Lorsque vous dites que le texte traite des imams détachés, vous avez tort. Il n’est défini nulle part ce qu’est un ministre du culte. La loi n’a d’ailleurs pas à le définir. Le culte n’est pas non plus défini en droit français, car il ne relève pas de l’autorité de l’État de le faire. Il existe des milliers de cultes. La République n’a pas à les reconnaître en tant que cultes. Elle doit simplement vérifier qu’ils sont en conformité avec les dispositions prévues par le législateur. En effet, pour l’État français, la religion est une opinion.
S’agissant des imams détachés, le Président de la République a pris, bien avant le dépôt de ce projet de loi, une mesure extrêmement forte, en décidant de mettre fin, en 2023, à l’enseignement de la religion dans nos lieux de culte par des fonctionnaires payés par des États étrangers, en l’occurrence des pays du Maghreb ou la Turquie. Cette mesure importante signifie la fin de l’islam des consulats et des ambassades, conformément à l’idée première que nous avons imposée aux protestants, aux catholiques et aux juifs, selon laquelle les affaires religieuses ne concernent que les Français.

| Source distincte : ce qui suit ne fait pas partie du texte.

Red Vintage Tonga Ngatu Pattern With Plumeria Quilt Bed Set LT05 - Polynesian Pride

Pour nous, il n’y a pas de musulmans d’origine algérienne, tunisienne ou marocaine qui devraient rendre des comptes à je ne sais quel gouvernement gérant je ne sais quelle diaspora, qu’elle soit financière ou électorale. Cette question fait d’ailleurs l’objet de mon courroux vis-à-vis de la mairie de Strasbourg : nous ne devons pas dépendre d’un État étranger pour gérer les affaires religieuses françaises. Si nous affirmions le contraire, nous accepterions que les musulmans ne soient pas pleinement français, puisqu’ils dépendraient d’une autre autorité. Songez à la sécularisation de l’Église de France : si elle reconnaît Rome, elle est détachée de la papauté depuis Philippe le Bel. En France, la religion est une affaire française.

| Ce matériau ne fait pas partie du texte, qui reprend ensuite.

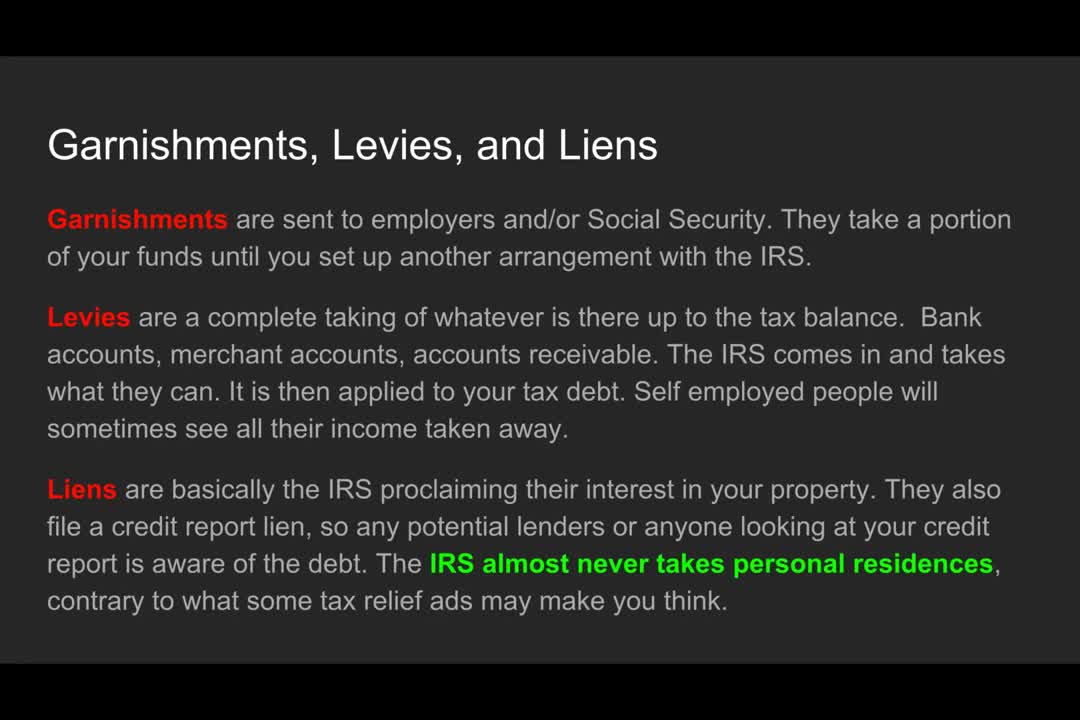 How does the IRS collect back taxes?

La situation des imams détachés crée une difficulté qui rend ce texte absolument nécessaire. En effet, si nous ne voulons pas instaurer un financement public, si nous ne voulons pas revenir sur le grand principe de non-subventionnement de la loi de 1905, qui n’a pourtant pas été consacré par le Conseil constitutionnel, et si nous ne voulons pas de financements étrangers, il nous faut trouver une source de financement nationale qui ne soit pas publique. C’est ce qui explique les mesures sur les immeubles de rapport et les dispositions extrêmement fortes permettant aux associations de passer du régime de la loi de 1901 à celui de la loi de 1905.
À mon avis, vous vous trompez, monsieur Sueur, en pensant que ces structures n’auront pas intérêt à passer sous le régime de la loi de 1905. En effet, elles bénéficieront ainsi du denier du culte musulman, que ne peuvent percevoir 92 % des associations culturelles musulmanes, et ce en inégalité totale avec ce qui se passe pour nos compatriotes juifs, protestants ou catholiques. Elles pourront également ne pas payer la taxe foncière et bénéficier d’une responsabilité juridique spécifique, grâce à la séparation du cultuel et du culturel.
Monsieur Retailleau, j’ai eu du mal à comprendre votre intervention sur le Conseil national des imams. Selon vous, c’est une drôle d’idée que de demander aux musulmans de s’organiser eux-mêmes.